**Task requirements:** Leave every image out, and print the remaining lines below exactly.

(Data excerpts)
===============
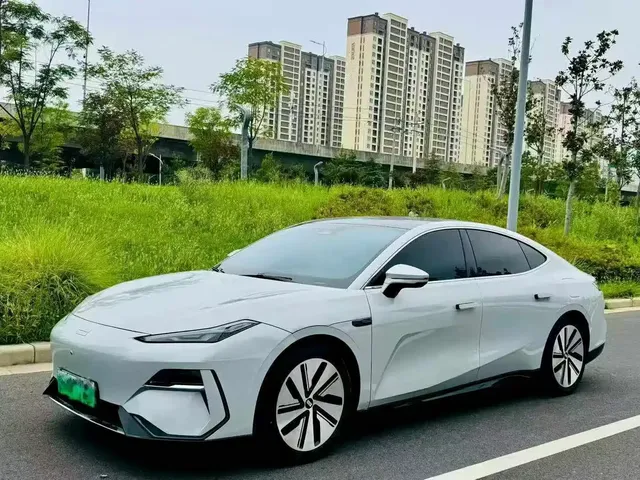 Geely Galaxy E8 2024 665km RWD Starship Voyager Edition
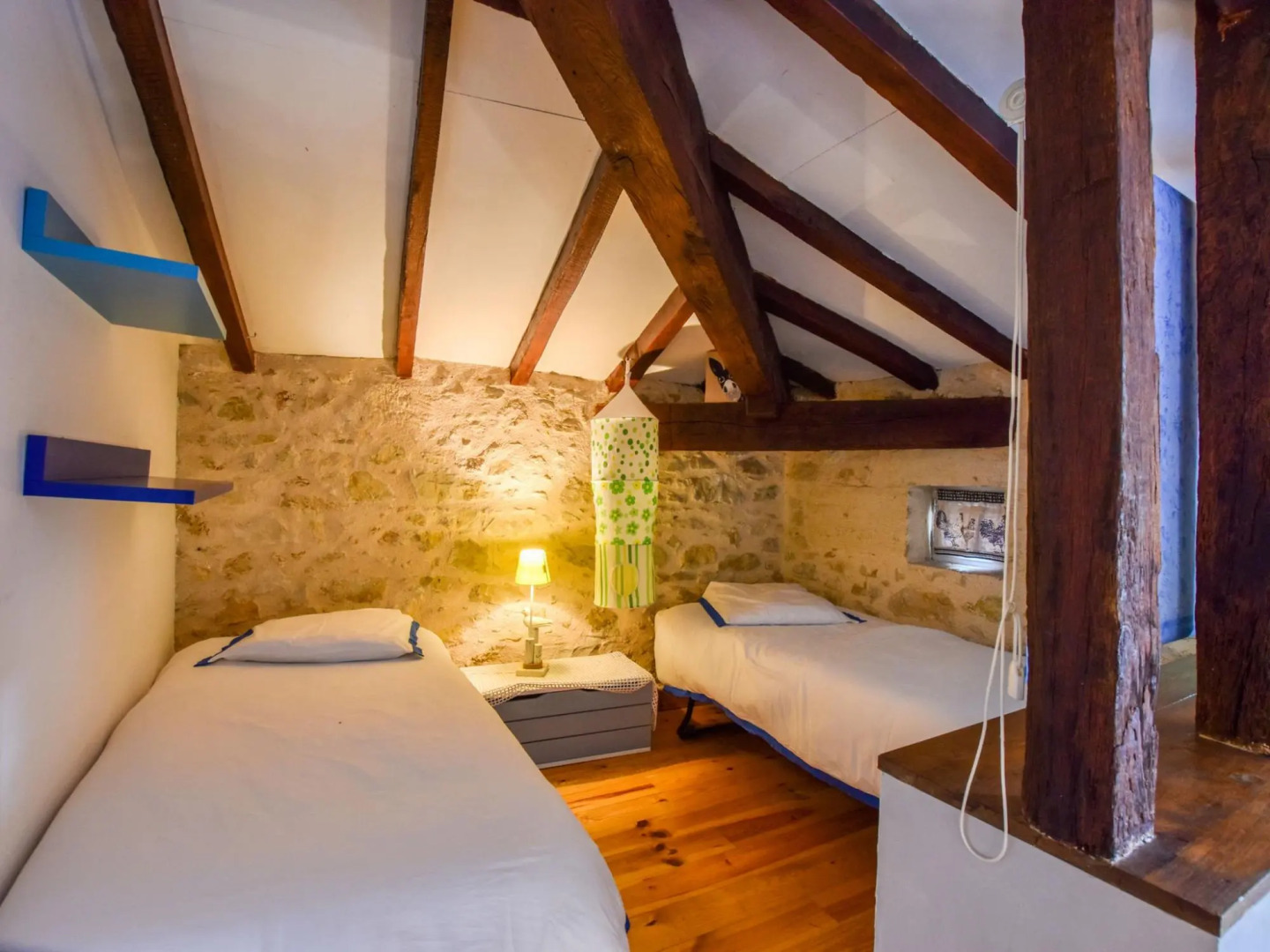 Stone House in a Vineyard, With Swimming Pool, Near Bordeaux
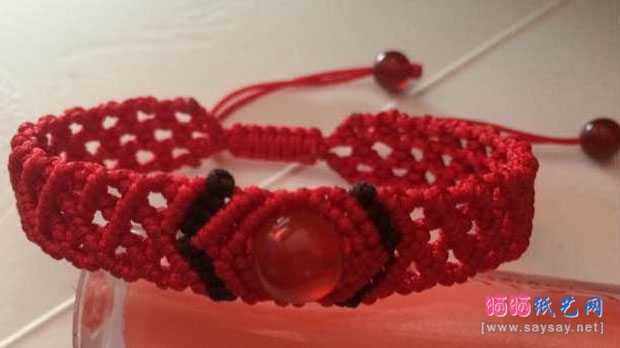 斜卷结手工编织众星捧月手绳制作方法 第37步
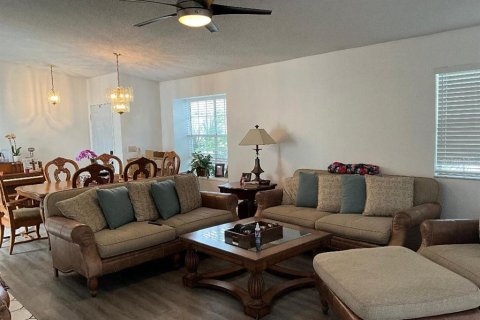 Townhouse in Longwood, Florida 3 bedrooms, 138.52 sq.m. № 1826773 - photo 5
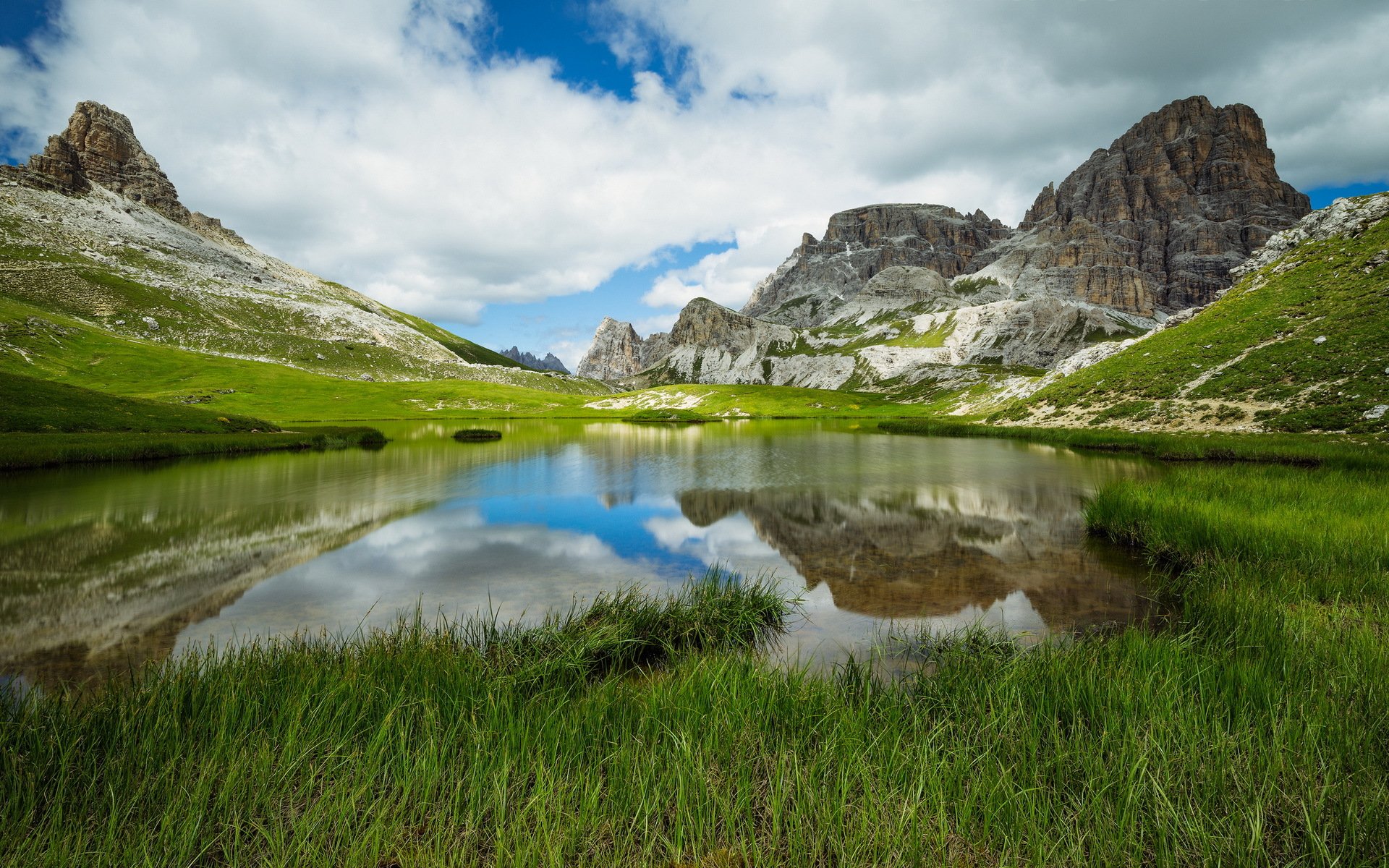 dolomitas lago de montaña italia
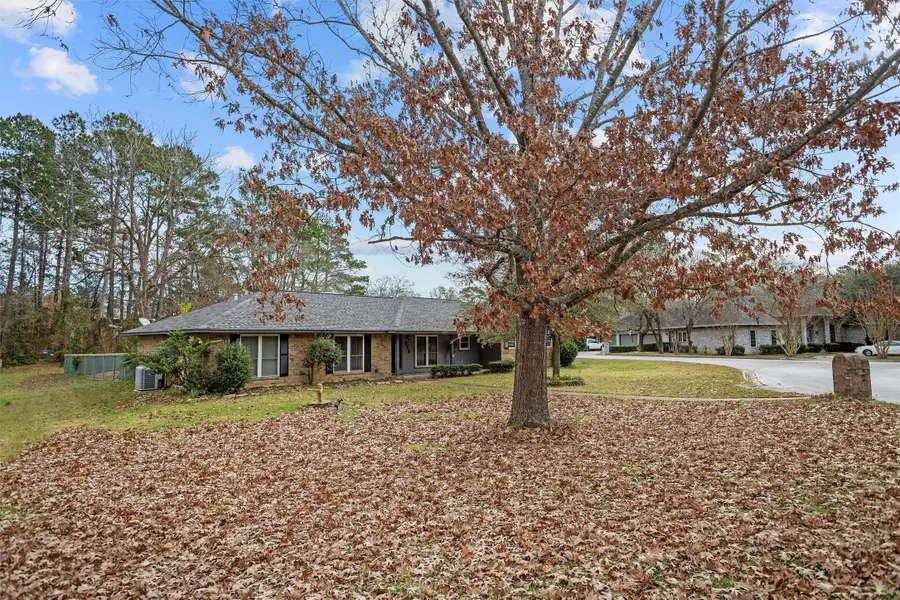 419 Trailwood Circle, Lufkin, TX 75904 - Image #2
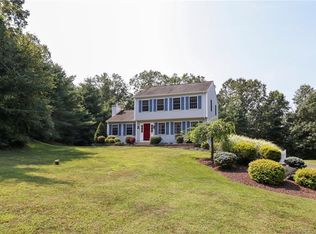 5 Hemlock Rd, Newtown, CT 06470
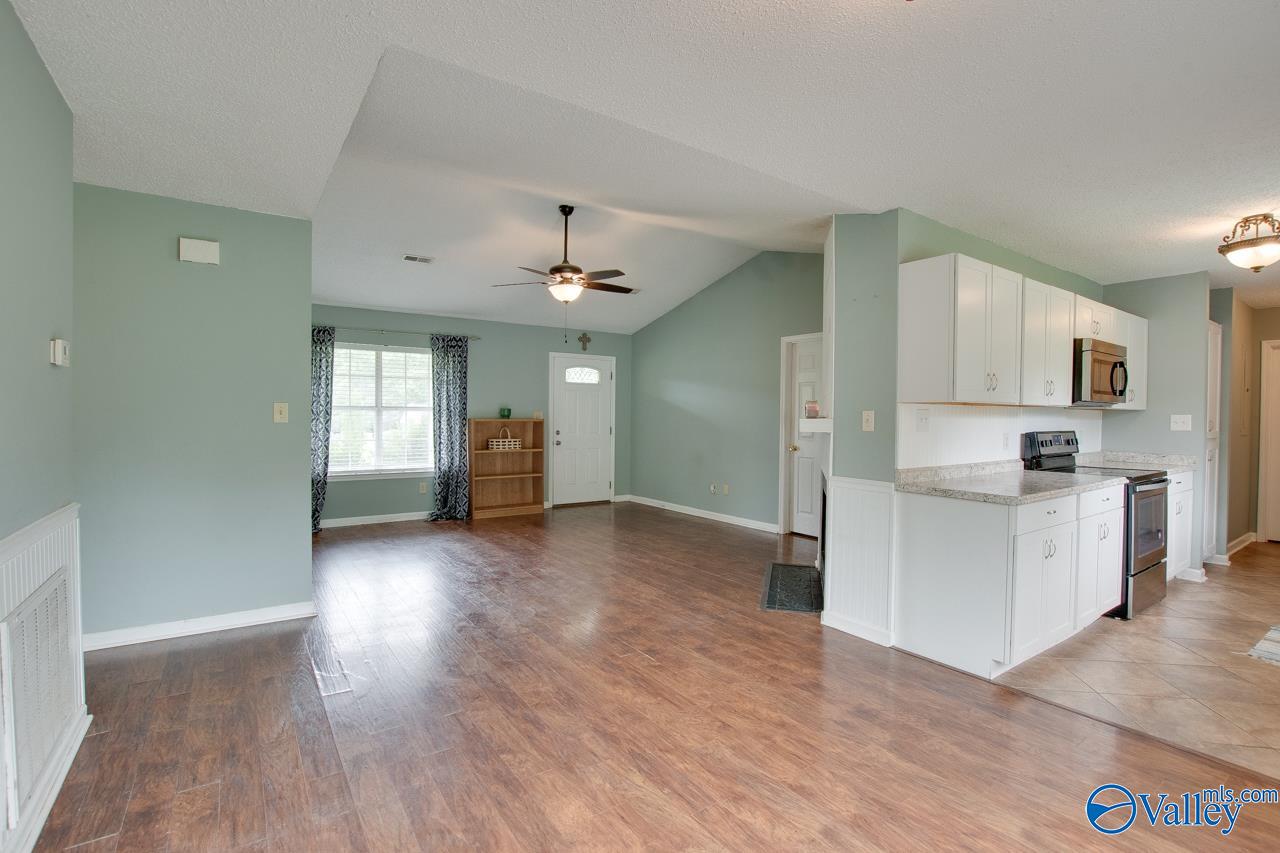 1789 Mckee Road, Toney, Alabama image 3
===============
**Written solution:**
 Geely Galaxy E8 2024 665km RWD Starship Voyager Edition
 Stone House in a Vineyard, With Swimming Pool, Near Bordeaux
 斜卷结手工编织众星捧月手绳制作方法 第37步
 Townhouse in Longwood, Florida 3 bedrooms, 138.52 sq.m. № 1826773 - photo 5
 dolomitas lago de montaña italia
 419 Trailwood Circle, Lufkin, TX 75904 - Image #2
 5 Hemlock Rd, Newtown, CT 06470
 1789 Mckee Road, Toney, Alabama image 3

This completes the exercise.